Richard Grayson, Appellee

 

 

On Appeal from the 113th District Court

Harris County, Texas

Trial Court Case No. 2008-46633

 

 

 

MEMORANDUM OPINION

          This appeal of a take‑nothing summary judgment arises out of a December 28, 1999 agreement in which appellant Lela Grayson transferred shares of stock in Grayson Armature, Large Motor Division, Inc. to a family partnership controlled by her son, appellee Richard Grayson.  This transfer gave Richard a majority‑ownership interest in the corporation.  The agreement was expressly conditioned on Richard becoming the president and chief executive officer (CEO) of the corporation and required that “Leon Huggins shall no longer hold the title of President.”

          The summary judgment evidence reflects that Huggins was president from 1992 until December 28, 1999, when the corporation’s board of directors appointed Richard as president and CEO.  After approximately 6 months, Richard moved to San Antonio and appointed Huggins as the president.  In his affidavit, Richard states that he informed his mother on several occasions of the change in management.

          In August 2008, Gary Grayson, in his capacity as Lela Grayson’s attorney‑in‑fact, sued Richard for breach of contract and fraud.  In his petition, Gary alleged that Richard breached the contract “by not changing his title to President and CEO” of the corporation and further breached the contract “by allowing Leon Huggins to serve as President of the corporation, a position he held at the time the Stock Transfer Agreement was signed by Lela Grayson, and the position he still holds today.”  Gary alleged that Richard committed fraud because he “made a representation to Lela Grayson that was material; the representation was false; at the time the representation was made to Lela Grayson [Richard] knew the representation was false; [Richard] made the representation with the intent that Lela Grayson act on it; Lela Grayson relied on the representation and was damaged thereby.”

          Richard filed a motion for summary judgment on the following independent grounds: (1) he did not breach the agreement or commit fraud because he removed Huggins from the position of president and appointed himself as president and CEO; (2) the breach‑of‑contract and fraud claims are barred by the four‑year statute of limitations; and (3) a portion of the agreement, which Gary argues requires the indefinite removal of Huggins as president, violates public policy.  See Tex.

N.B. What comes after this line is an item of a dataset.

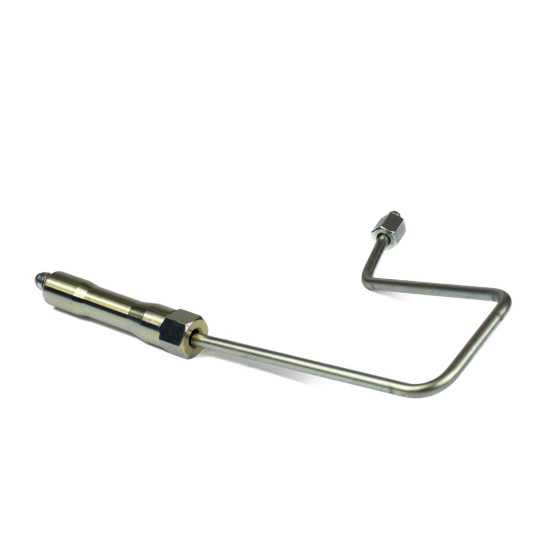 Fuel Injection Pipe Isuzu 8980116080 Genuine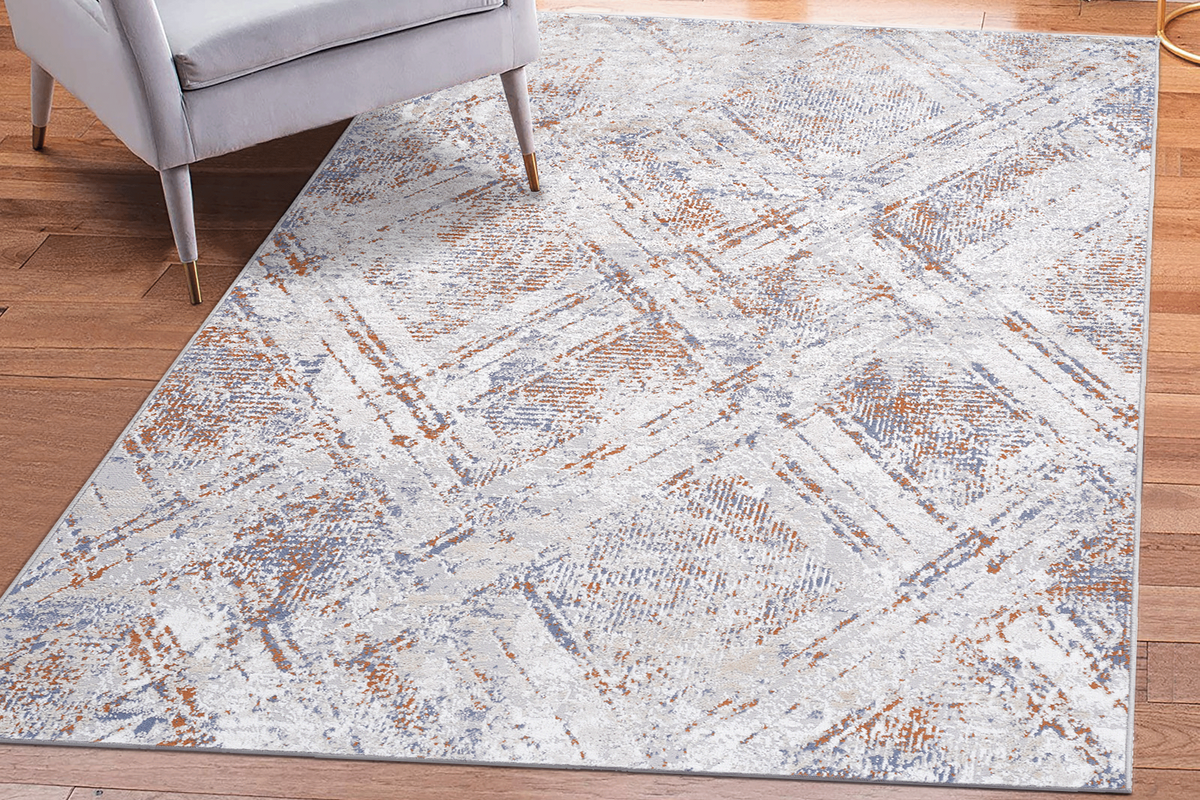 HARBOR 108"x79" Area Rug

Civ. Prac. & Rem. Code Ann. § 16.004 (West 2002), § 16.051 (West 2008); Tex. R. Civ. P. 166a(c).  Gary filed a response to the motion, which in part (1) disputed whether Richard ever became president and replaced Huggins and (2) claimed that Lela did not learn that Huggins was the president until June 2007.  Richard filed a reply in which he suggested that the true motivation behind the lawsuit was the desire of his brothers Gary Grayson and Dale Grayson to undo the 1999 stock transfer from their mother to him.  Richard further noted that Gary’s response to the motion for summary judgment contained no evidence controverting Richard’s December 28, 1999 appointment as president and CEO.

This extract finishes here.